I need to write the total ionic equation for this equation.
Copper(ii)sulfate + iron = iron(iii)+ copper.
Won't it be Cu2+ + SO4-2 + Fe = Fe3+ + Cu ?
The answer key say
3Cu2+ + 3SO4-2 + 2Fe = 2Fe3+ + 3SO4-2 + 3Cu
Where did they get the sulfate for the product from? Didn't the words equation say "iron(iii)+ copper."? Thanks
Your first statement(the words equation) is not correct because there is no sulfate on the product side. It should be
Copper(ii)sulfate + iron = iron(iii) sulfate + copper.
The world equation didn't have any sulfate on the product side :(. I'm guessing such formula can't be right since how can there be sulfate on one side and there none on the other. So the words equation is wrong right? Thanks
Yes the word equation is wrong. Just an omission in the text.
To write a balanced total ionic equation, we first need to understand the chemical formula of each compound involved and the charges of the ions present.
In this case, the chemical formula for copper(II) sulfate is CuSO4, which indicates that the Cu2+ ion is combined with the SO42- ion. The given equation: "Copper(II) sulfate + iron = iron(III) + copper" is not balanced and does not provide sufficient information to write the total ionic equation.
To properly balance the equation, we need to ensure that the number of atoms of each element and the net charge is the same on both sides. Here's how to do it:
1. Start by balancing the metal atoms.
Cu2+ + Fe = Fe3+ + Cu
2. Next, balance the non-metal atoms.
Cu2+ + Fe + 4O = Fe3+ + Cu + 4O
3. Finally, balance the charges by adjusting the number of ions.
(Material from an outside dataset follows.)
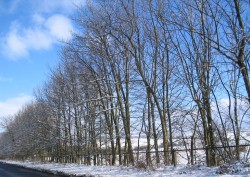 Snowy scene in County Durham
3Cu2+ + 3(Fe2+) + 12O2- = 2(Fe3+) + 3Cu2+ + 12O2-
Since the Cu2+ and SO42- ions appear on both the reactant and product sides and do not undergo any changes, they can be considered as spectator ions and can be canceled out.
Thus, the balanced total ionic equation is:
3Fe2+ + 4O2- = 2Fe3+ + 2Fe2+ + 4O2-
Note that the charges and the number of atoms on both sides of the equation are balanced.